Its 1901, Ian McDonald ‘Master’ is here in the British East Africa Protectorate (Kenya) on service to the King of England, overseeing the laying of the Railway line from the Mombasa Coast to Port Elizabeth (present day, Kisumu). There is Reverend Turnbull, a Christian missionary on a mission to convert these African heathens to Christianity and Babu Salim, an Indian technician who arrived on a boat from India to aid in the construction of the railway. And then there are the African locals whose forefathers warned of the long winded snake (metaphor for the railway line) that would destroy everything in its wake. These men’s personal histories become entangled and their lives intersect and are inextricably woven together for another 60 years and through generations from the start of the 20th century to Independence in 1963.

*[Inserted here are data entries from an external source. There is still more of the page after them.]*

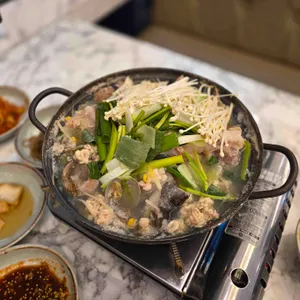 어가 해물찜 사진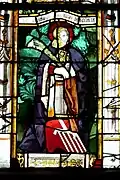 Heiliger Laurentius
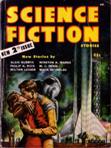 Science Fiction Stories, 1954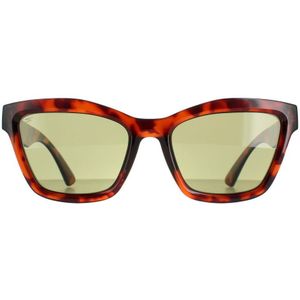 Serengeti Rolla SS537004 Shiny Red Polar 555NM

As a lover of history, I found this narrative very engaging. Kimani manages to present our history in such a digestible way. I resonated with the language used in the book, almost as if I was sitting with my peers having a conversation – the expressions used in the book are exactly as I would use them in my conversations. The language was easy and the prose beautifully written.
I also loved that although this was a re-imagination of the railway line construction, it bore stark similarities to real people and events. Ian McDonald and his unrequited love story being quite similar to the tales of Lord Egerton, President Jomo Kenyatta, ‘Big Man’ personified as himself and the young lady who went to bed a princess and woke up as the Queen of England whilst on a vacation in Kenya with her husband. It was all so rich and engrossing.
The books delves briefly into post-colonial Kenya and it got me thinking about how we, as a country, may have gotten it wrong from the start. With corruption, selfish interests, land grabbing, destruction of the ecosystem and a ‘grab all you can NOW’ mentality dominating the early years of independence. Gives you quite a lot to think about. This is a well-balanced book. An important book.